# Knowledge Extraction with No Observable Data

This is a code repository for "Knowledge Extraction with No Observable Data," 
submitted to NeurIPS 2019. This software is free of charge for research purposes.
For commercial purposes, please contact the authors.

## 1. Abstract

Knowledge distillation is to transfer the knowledge of a large neural network
into a smaller one and has been shown to be effective especially when the amount
of training data is limited or the size of the student model is very small. To
transfer the knowledge, it is essential to observe the data that have been used
to train the network since its knowledge is concentrated on a narrow manifold
rather than the whole input space. However, the data are not accessible in many
cases due to the privacy or confidentiality issues in medical, industrial, and
military domains. To the best of our knowledge, there has been no approach that
distills the knowledge of a neural network when no data are observable. In this
work, we propose KegNet (Knowledge Extraction with No Observable Data), a novel
approach to extract the knowledge of a trained deep neural network and to
generate artificial data points that replace the missing training data in
knowledge distillation. Experiments show that KegNet outperforms all baselines
for data-free knowledge distillation.

## 2. Overview

This repository contains the source code of KegNet that was used for the
experiments of the paper. All codes are written by Python 3.6, and deep neural
networks are implemented by PyTorch 1.0.1.

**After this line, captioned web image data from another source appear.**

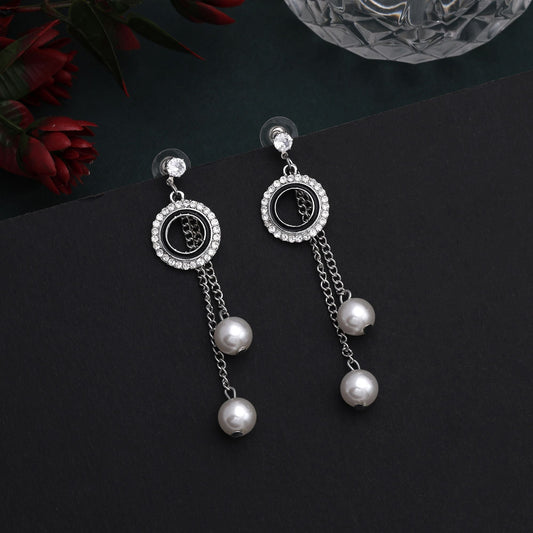 Stylish Silver Color Anti Tarnish Earrings With Modern Look For Office Or Party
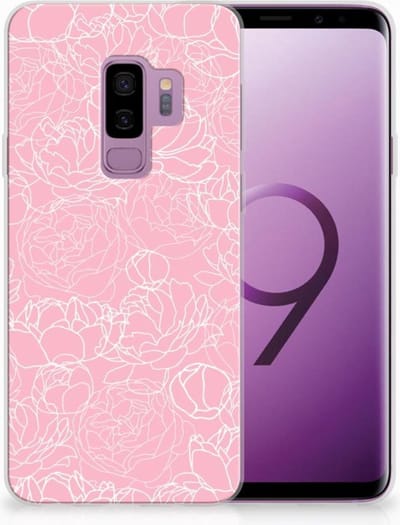 Back Cover voor Samsung Galaxy S9 Plus TPU Case White Flowers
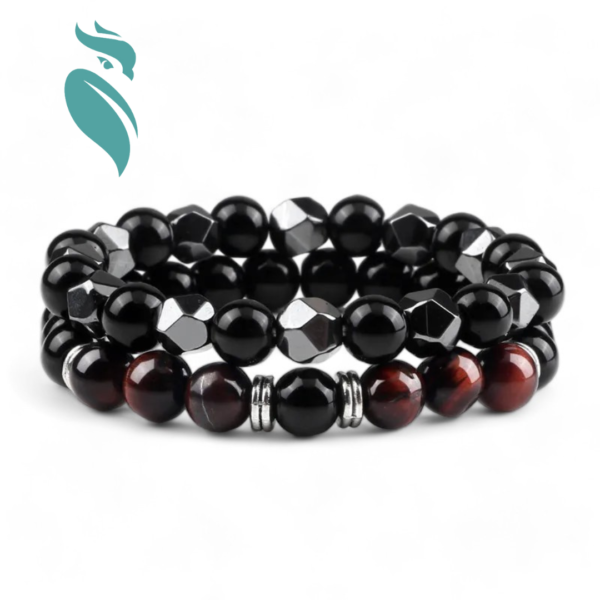 2pcs Hematite | Lava Stone |Natural Tiger Eye Bracelet 8mm Beads - Image 7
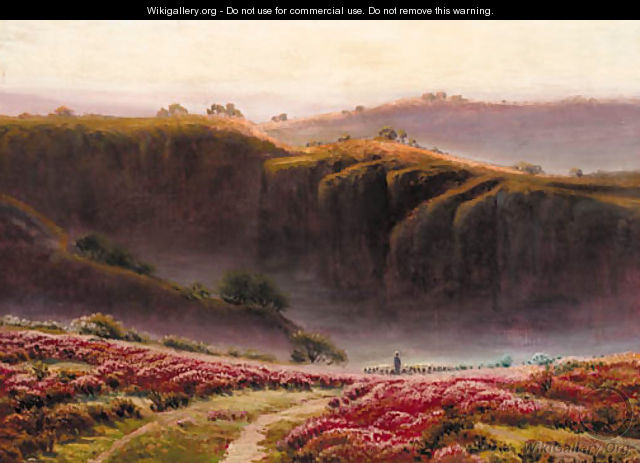 A shepherd herding his flock in an extensive mountainous landscape - Gaston Anglade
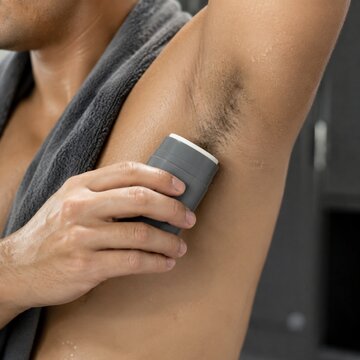 Applying Stick Deodorant to Sweaty Underarm After a Workout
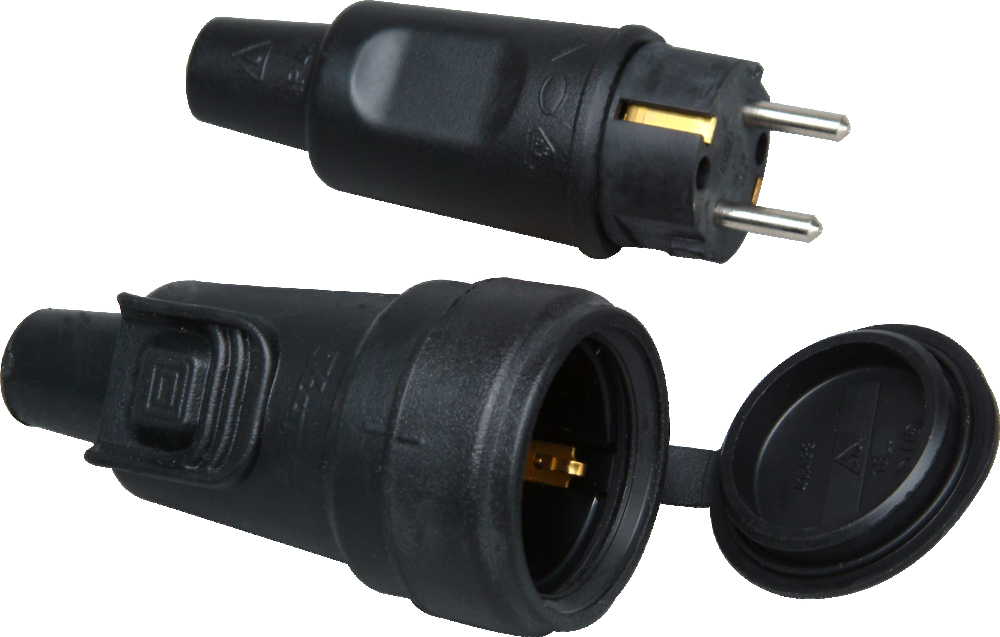 Kopp Enchufe Y Conector De Goma IP44 Negro - 190716017 [2 Piezas]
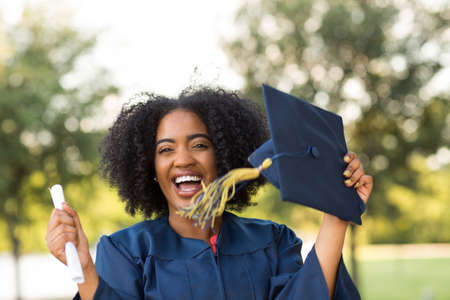 Confident African American woman at her graduation.の写真素材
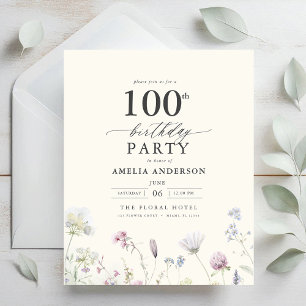 Budget Floral 100. Geburtstag Einladung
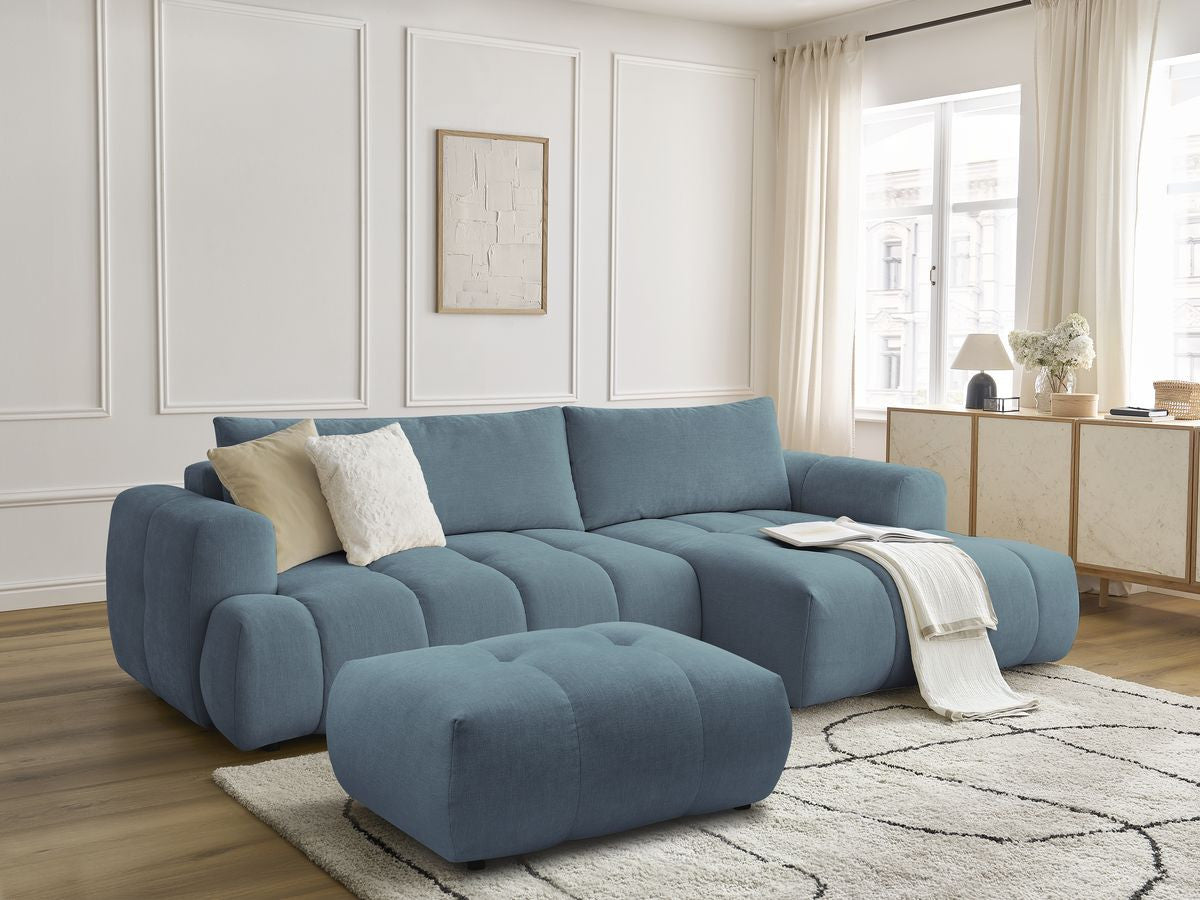 Canapé d'angle convertible FUJI tissu lisse avec pouf - Angle droit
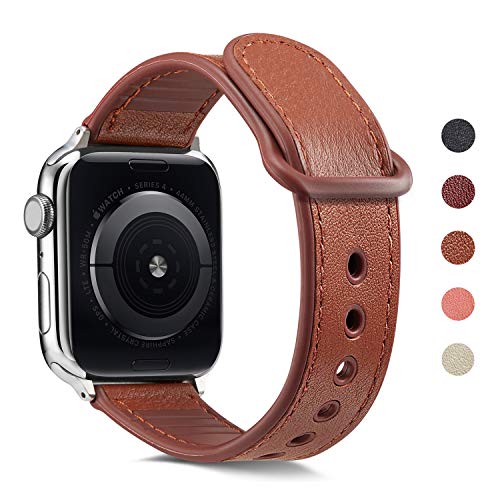Product Cover Erwubala Sport Watch Band Compatible with Apple Watch Band 38mm 40mm 42mm 44mm,Genuine Leather+Premium TPU Replacement Sport Strap iWatch Band for Apple Watch Series 5/4/3/2/1 (Brown, 42mm/44mm)
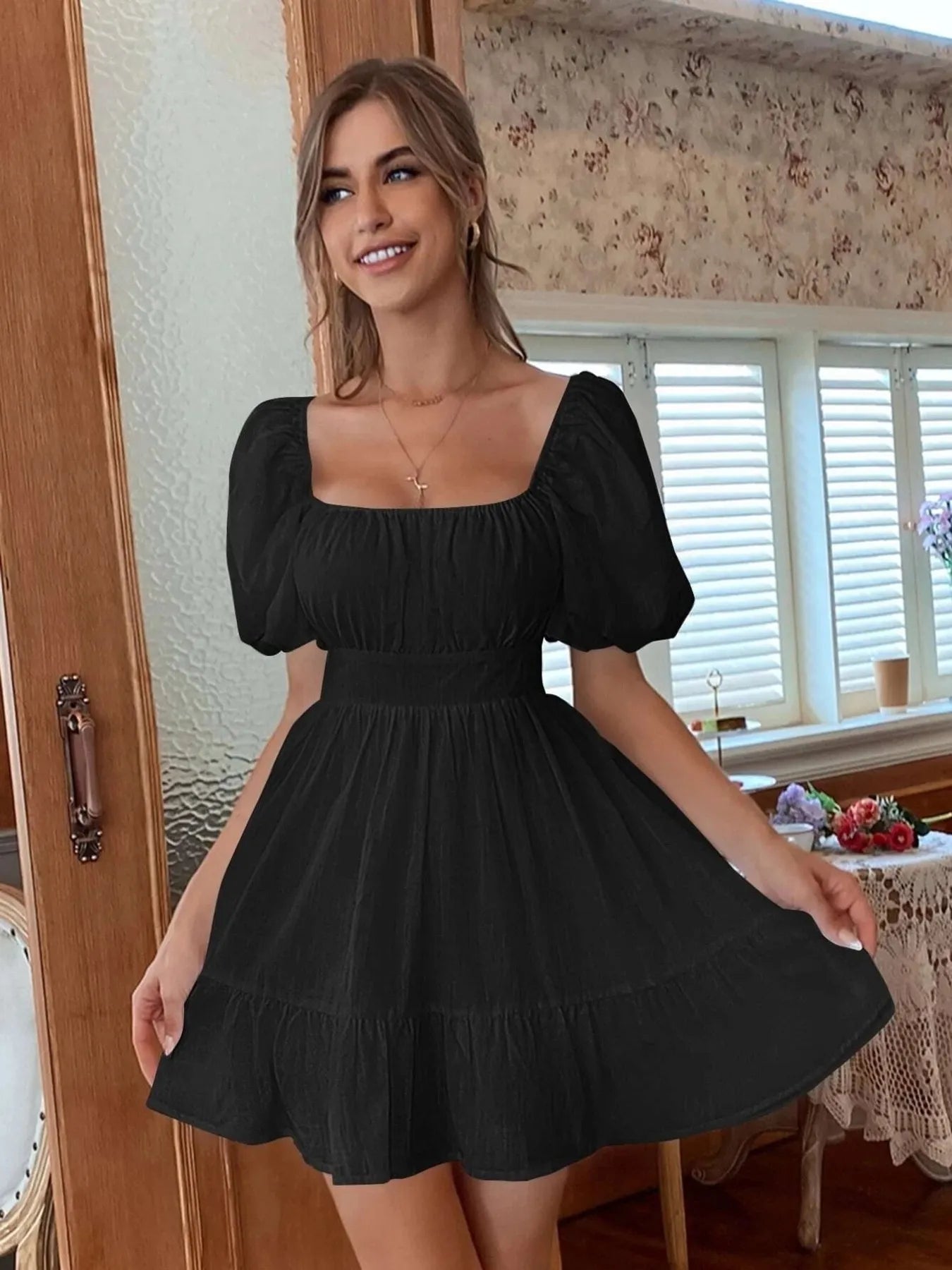 Square Neck Puff Sleeve Mini Dress.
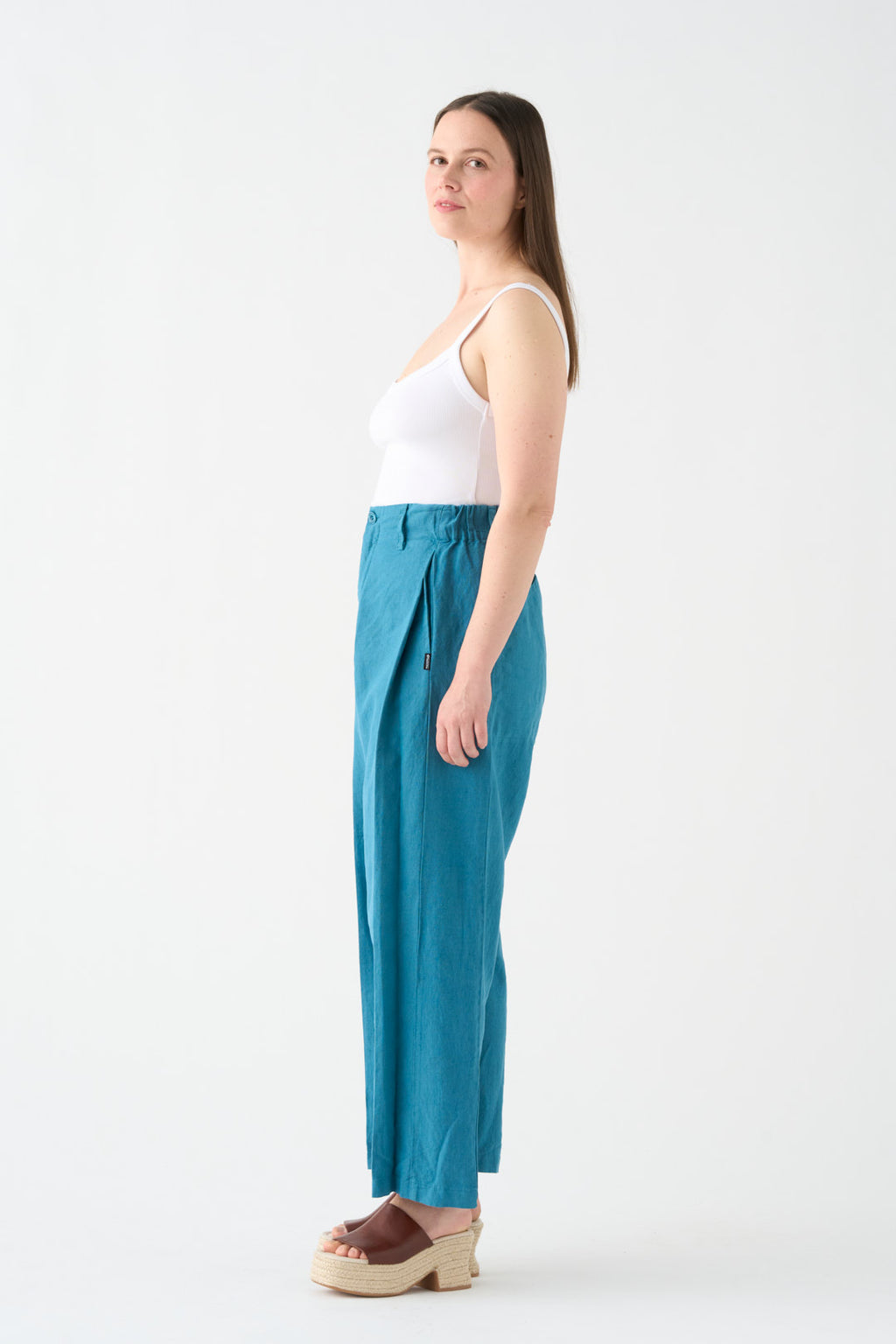 Petroleum wide-leg pants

The structure of this repository is given as follows:
- `src/` contains the Python source codes.
- `pretrained/` contains pretrained classifiers for the image datasets.
- `demo.sh` helps to run easily the main script.
- `requirements.txt` contains required Python packages.
- `README.md` represents this file.

## 3. How to Run

You may type `bash demo.sh` to run the demo script. It trains a generator for
MNIST and uses it to train a student network by knowledge distillation. All the
results are stored in `out`, including the trained networks and intermediate
loss and accuracy during the training. You can modify `src/main.py` to change
datasets, models, and other hyperparameters for your own experiments. The given
setting is the same as the one used in the paper.